Re: [GSoC2016] BlueStore SMR Support

Sage Weil <sweil@xxxxxxxxxx> · Fri, 11 Mar 2016 09:50:06 -0500 (EST)

Hi Shehbaz,

Sorry for the slow reply!  I'm just catching up on GSoC queries.

On Fri, 4 Mar 2016, Shehbaz Jaffer wrote:
> Hi All,
> 
> I am a 1st Year PhD student at University of Toronto. I am interested
> in working on the SMR friendly allocator for Bluestore file system. I
> am new to Ceph. But I am familiar with FS development in user space, and
> SMR drives. I am currently going through Ceph codebase.
> It looks like the allocator is very basic, hence the current name of
> the block allocator:
> os/bluestore/StupidAllocator.cc :-)

:)

> Few initial questions:
> 
> 1) Will the project involve Drive managed SMR drives or Host Managed SMR 
> drives?

The goal is to make an allocator that will work with host managed SMR.  
Presumably that will work just as well on host-aware SMR.

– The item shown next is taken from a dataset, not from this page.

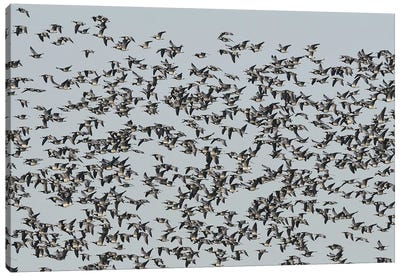 Migrating Barnacle Geese Canvas Art Print - Goose Art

A drive-managed SMR disk that doesn't tell us the zone layout is a bit of 
a lost cause, I think.

> 2) Will scope of project be to build an allocator on a simulator for
> SMR Drives? Or will I get actual HDDs to work with? In case of
> simulators, will the project involve building a simulator on disksim?

I seem to remember hearing something about a dm module that simulated SMR, 
but I'm not sure.  We may also be able to get some SMR disks to play 
with--I'll reach out to our drive vendor friends.

> 3) Ideally, the benchmark should be to compare StupidAllocator scheme
> with a SmartAllocator scheme in terms of the following performance
> metrics:
> a) speed
> b) correctness
> c) fragmentation
> d) garbage collection efficiency
> 
> are there any other metrics that we would like to measure the allocator for?

That sounds about right, (b) being the first and most important step.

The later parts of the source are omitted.